After 5 decades of airplane terror it was completely gone, after all that happened I couldn’t even imagine what more there was to be afraid of...IF the Shenksville heros can sacrifice themselves as they did, IF we can survive and grow from 9/11, IF I can get on a plane full of dead animals & guns and get home...it was all a sign.  Don’t get me wrong flying is still not my most favorite thing but the absolute terror I used to feel is all gone.  I’ve since flown many times to Europe, in the US and it still makes me nervous but nothing like it used to be, not even close.   God bless all those we lost on 9/11.

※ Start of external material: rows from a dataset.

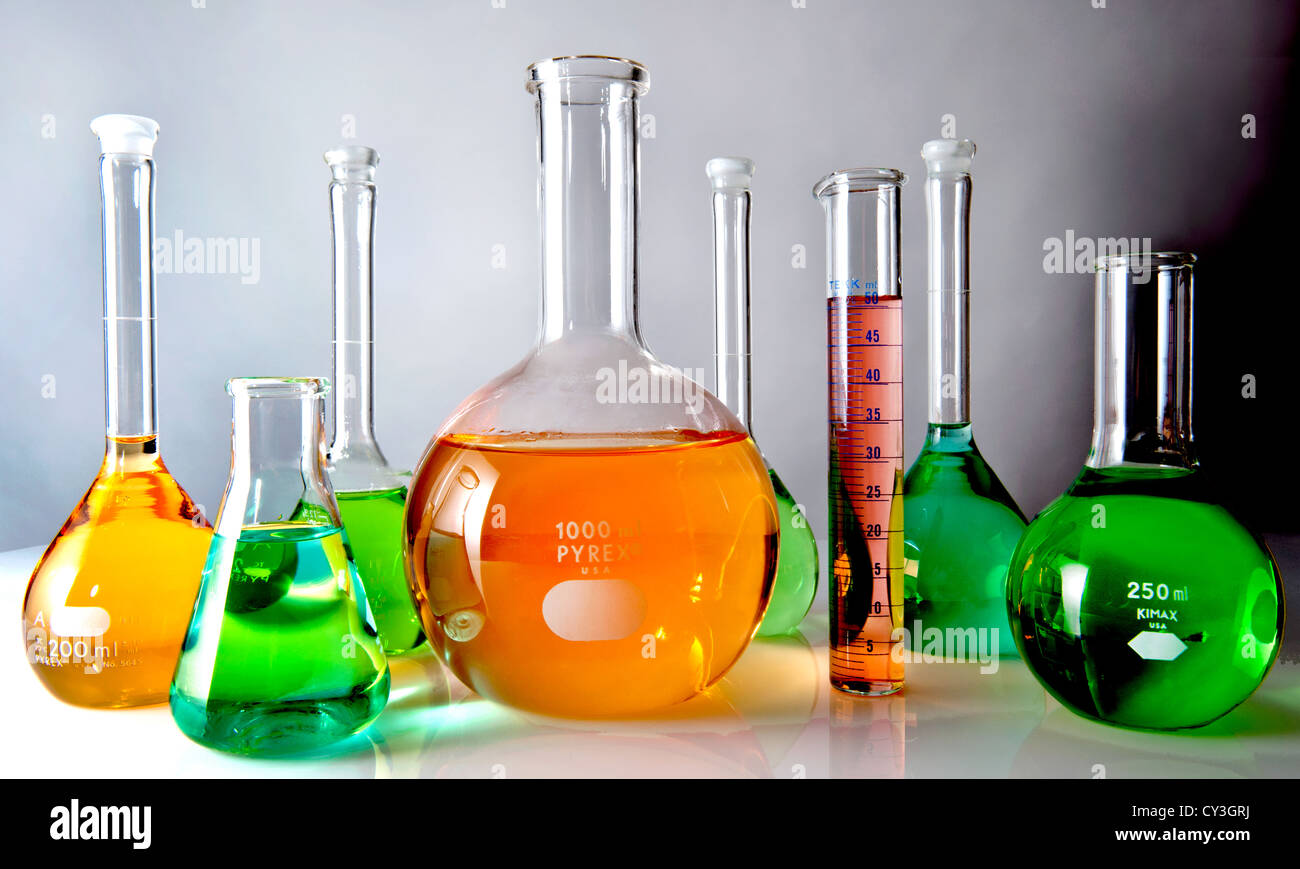 Glass lab flasks filled with colored liquids. Stock Photo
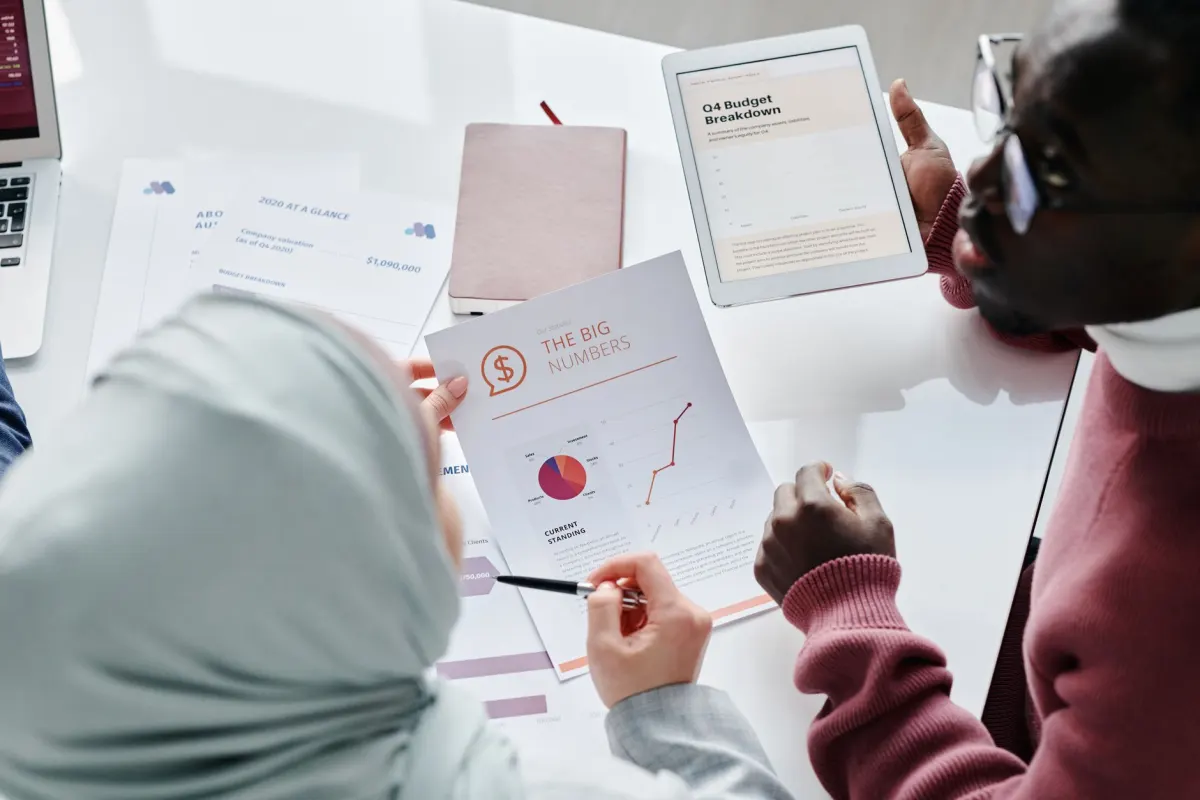 Ein kleines Team bespricht Diagramme auf einem Laptop während eines Meetings, passend zur Berichtsstruktur, die dieser Abschnitt beschreibt.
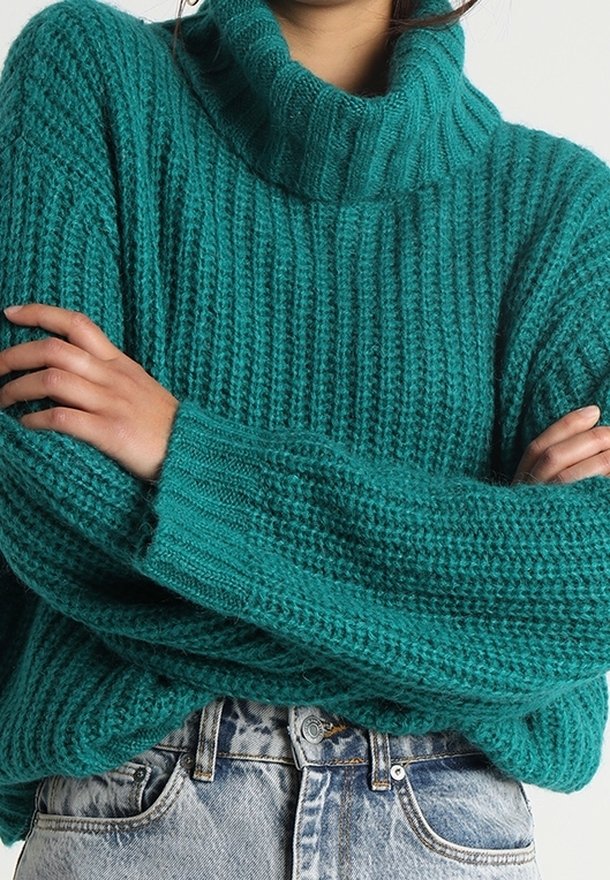 Personne portant un gros pull à col roulé bleu canard avec les bras croisés, assorti à un jean taille haute bleu clair. Le haut du corps est visible.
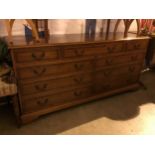 A YEW WOOD SIDEBOARD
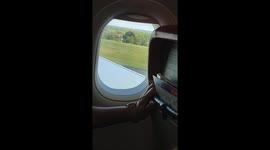 Terrifying moment passenger films Jet2 plane tipping violently towards the ground during gale-force winds at England's Birmingham Airport
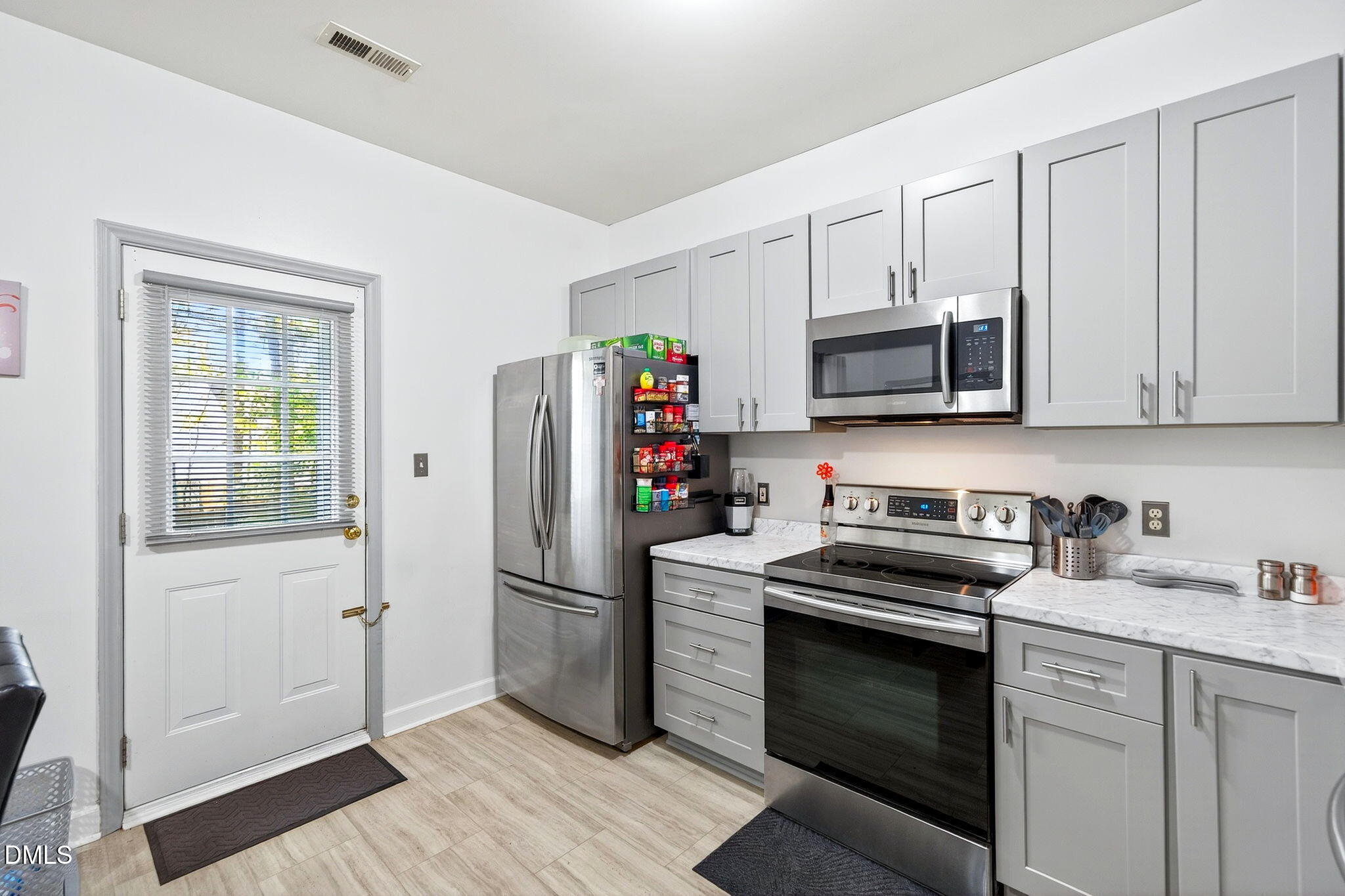 6010 San Marcos Way Raleigh, NC 27616 - Photo 9 of 22 a kitchen with stainless steel appliances granite countertop a refrigerator stove and sink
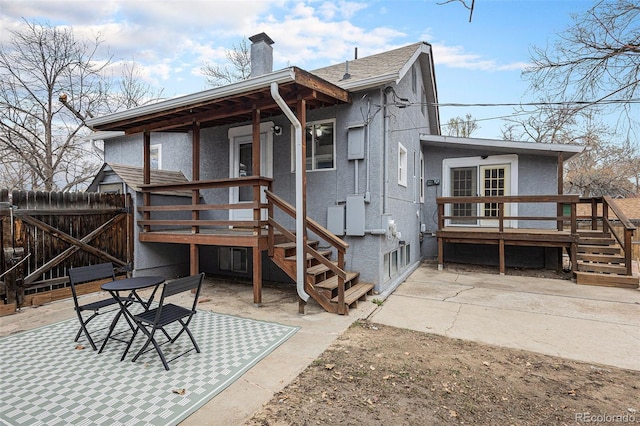 225 N Cedar St, Colorado Springs, CO 80903 - rear view of house featuring a patio area, stucco siding, fence, and a chimney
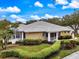 Tan one-story home with tile roof, screened lanai, and lush landscaping at 900 Paisley Ct # 1, Venice, FL 34293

Tuesday, September 6, 2011

Sold...

Fog, 48 x 44", oil on canvas

Throughout the years many people have asked if it is difficult to sell a painting.   Usually it isn't for a couple reasons:  First, I don't want to grow old surrounded by all my work.  Second, I love the look on people's faces when they see a piece they love and can afford - then I know it's going to a good home.  Third, I make my work affordable as I believe it's all wildly overpriced these days.  But my beloved Fog was really hard to part with.  This painting came from where most of my sea paintings come from - boat rides to Provincetown on Bay State's fast ferry.   Up until the fast ferry started the seascapes came from the time I've spent in the Dune Shacks.  On this trip we were socked in the whole way over, the water had a slight chop, outside on deck it was warm and moist.  I hung out on the stern just loving the fog then decided it should be a painting.  As usual when we got close to land the fog cleared and it was a lovely day.  The minute I woke up the next day I started painting this painting and it only took me a few hours, then had to wait a few days to let it dry before finishing it up.  I almost always work alla prima (first stroke) and this one was truly a gift from the Art Gods.  People have been lusting over it for years and I could have sold it 10 times over, but none of the prospective buyers wanted to pay full price for this stunning original and none of them seemed like the "right" fit.  Then the perfect person came along, she has bought a lot of my work and is a true supporter.  After not hearing from her for a year (since she bought the last painting!) she emailed asking if I still had "that grey painting" she couldn't stop thinking about all that time... so Fog now has a new home and a really good home.  There is a giant hole where it hung for years and I miss it terribly but now more people will see it, plus it is in a home by the sea where she first came from and I'm busy making more paintings.  I love all my work even the duds but Fog was truly a special painting, a real gift.  With all my heart I hope the Art Gods smile upon me like that again, they have been so very good to me so far!